AIM OF THE TASK :: Could you find every line in the records below that contains the word "with" and copy it?

--- START ---

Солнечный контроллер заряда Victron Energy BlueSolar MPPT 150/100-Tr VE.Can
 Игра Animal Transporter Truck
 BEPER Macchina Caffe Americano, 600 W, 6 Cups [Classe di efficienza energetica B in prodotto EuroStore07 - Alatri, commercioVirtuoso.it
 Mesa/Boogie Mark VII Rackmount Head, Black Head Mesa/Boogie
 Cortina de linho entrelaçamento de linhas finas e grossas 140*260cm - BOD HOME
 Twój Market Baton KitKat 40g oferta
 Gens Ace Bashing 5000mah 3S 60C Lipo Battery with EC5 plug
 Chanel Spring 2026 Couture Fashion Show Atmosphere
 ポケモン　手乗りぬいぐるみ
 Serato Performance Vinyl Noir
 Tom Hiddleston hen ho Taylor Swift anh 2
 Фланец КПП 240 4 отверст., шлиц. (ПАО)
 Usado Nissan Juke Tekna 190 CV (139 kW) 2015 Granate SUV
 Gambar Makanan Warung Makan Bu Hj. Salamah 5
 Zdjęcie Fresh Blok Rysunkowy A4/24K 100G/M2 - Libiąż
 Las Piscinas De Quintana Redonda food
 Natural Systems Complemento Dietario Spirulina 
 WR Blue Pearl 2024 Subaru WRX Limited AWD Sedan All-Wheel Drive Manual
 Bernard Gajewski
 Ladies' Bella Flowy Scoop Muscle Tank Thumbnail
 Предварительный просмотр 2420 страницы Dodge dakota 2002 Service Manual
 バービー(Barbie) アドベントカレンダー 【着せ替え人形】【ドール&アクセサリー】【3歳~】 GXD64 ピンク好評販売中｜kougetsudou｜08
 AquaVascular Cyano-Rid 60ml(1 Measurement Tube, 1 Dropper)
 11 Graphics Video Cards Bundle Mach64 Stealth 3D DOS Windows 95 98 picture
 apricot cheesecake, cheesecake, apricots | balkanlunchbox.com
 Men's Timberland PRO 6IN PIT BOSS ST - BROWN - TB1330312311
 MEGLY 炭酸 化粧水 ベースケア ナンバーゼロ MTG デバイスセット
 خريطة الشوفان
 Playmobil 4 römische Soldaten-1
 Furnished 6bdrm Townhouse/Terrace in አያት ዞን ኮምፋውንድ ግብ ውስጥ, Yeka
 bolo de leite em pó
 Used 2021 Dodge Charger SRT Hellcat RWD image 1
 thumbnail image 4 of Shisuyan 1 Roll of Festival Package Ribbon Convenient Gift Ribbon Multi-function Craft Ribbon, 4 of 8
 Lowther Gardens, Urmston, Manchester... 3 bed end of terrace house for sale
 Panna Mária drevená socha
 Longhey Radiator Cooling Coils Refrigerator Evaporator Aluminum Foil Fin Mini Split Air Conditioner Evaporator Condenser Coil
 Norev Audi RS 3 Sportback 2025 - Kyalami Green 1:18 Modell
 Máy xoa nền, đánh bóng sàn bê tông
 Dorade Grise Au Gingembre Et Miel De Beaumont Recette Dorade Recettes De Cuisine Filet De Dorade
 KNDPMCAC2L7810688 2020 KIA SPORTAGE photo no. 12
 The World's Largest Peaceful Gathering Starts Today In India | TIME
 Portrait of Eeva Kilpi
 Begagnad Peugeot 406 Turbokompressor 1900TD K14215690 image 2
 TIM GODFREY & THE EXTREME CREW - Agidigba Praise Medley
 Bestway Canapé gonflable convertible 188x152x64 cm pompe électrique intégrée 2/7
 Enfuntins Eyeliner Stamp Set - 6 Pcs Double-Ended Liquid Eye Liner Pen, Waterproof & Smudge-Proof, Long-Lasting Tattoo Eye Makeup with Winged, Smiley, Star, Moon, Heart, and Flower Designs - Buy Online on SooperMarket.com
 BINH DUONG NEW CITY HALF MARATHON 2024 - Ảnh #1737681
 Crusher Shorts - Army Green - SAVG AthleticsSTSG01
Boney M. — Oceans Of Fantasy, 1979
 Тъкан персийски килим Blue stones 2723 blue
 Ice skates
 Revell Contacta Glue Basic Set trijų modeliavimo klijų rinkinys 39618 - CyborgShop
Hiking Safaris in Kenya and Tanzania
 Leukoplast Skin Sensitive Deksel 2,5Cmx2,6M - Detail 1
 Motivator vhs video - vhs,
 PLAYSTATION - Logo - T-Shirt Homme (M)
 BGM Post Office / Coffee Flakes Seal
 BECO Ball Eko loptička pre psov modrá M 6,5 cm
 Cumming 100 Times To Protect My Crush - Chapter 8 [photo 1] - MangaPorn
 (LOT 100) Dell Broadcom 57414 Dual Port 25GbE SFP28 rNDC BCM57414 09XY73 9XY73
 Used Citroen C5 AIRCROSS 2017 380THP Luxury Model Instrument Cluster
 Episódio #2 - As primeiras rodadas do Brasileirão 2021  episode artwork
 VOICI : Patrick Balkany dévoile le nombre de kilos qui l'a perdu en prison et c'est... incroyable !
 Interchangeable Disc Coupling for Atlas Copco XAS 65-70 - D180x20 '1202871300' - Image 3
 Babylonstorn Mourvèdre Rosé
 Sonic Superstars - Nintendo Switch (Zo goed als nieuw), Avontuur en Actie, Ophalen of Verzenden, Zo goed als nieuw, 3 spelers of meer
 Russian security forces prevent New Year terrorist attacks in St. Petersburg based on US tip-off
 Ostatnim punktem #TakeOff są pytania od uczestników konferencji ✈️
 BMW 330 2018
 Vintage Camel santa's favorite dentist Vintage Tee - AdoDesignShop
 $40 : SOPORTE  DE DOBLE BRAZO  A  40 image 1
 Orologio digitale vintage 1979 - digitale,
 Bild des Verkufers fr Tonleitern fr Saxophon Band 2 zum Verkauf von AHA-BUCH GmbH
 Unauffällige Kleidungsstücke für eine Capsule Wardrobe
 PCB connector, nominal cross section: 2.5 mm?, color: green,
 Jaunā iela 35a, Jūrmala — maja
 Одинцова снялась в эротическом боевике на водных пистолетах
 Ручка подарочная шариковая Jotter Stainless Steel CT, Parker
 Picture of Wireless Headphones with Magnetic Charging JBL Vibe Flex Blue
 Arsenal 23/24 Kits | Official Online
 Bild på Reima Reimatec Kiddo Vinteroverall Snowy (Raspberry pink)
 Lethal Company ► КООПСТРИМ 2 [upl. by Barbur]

--- END ---

THE COMPLETED TASK ::
 Gens Ace Bashing 5000mah 3S 60C Lipo Battery with EC5 plug
 Enfuntins Eyeliner Stamp Set - 6 Pcs Double-Ended Liquid Eye Liner Pen, Waterproof & Smudge-Proof, Long-Lasting Tattoo Eye Makeup with Winged, Smiley, Star, Moon, Heart, and Flower Designs - Buy Online on SooperMarket.com
 Picture of Wireless Headphones with Magnetic Charging JBL Vibe Flex Blue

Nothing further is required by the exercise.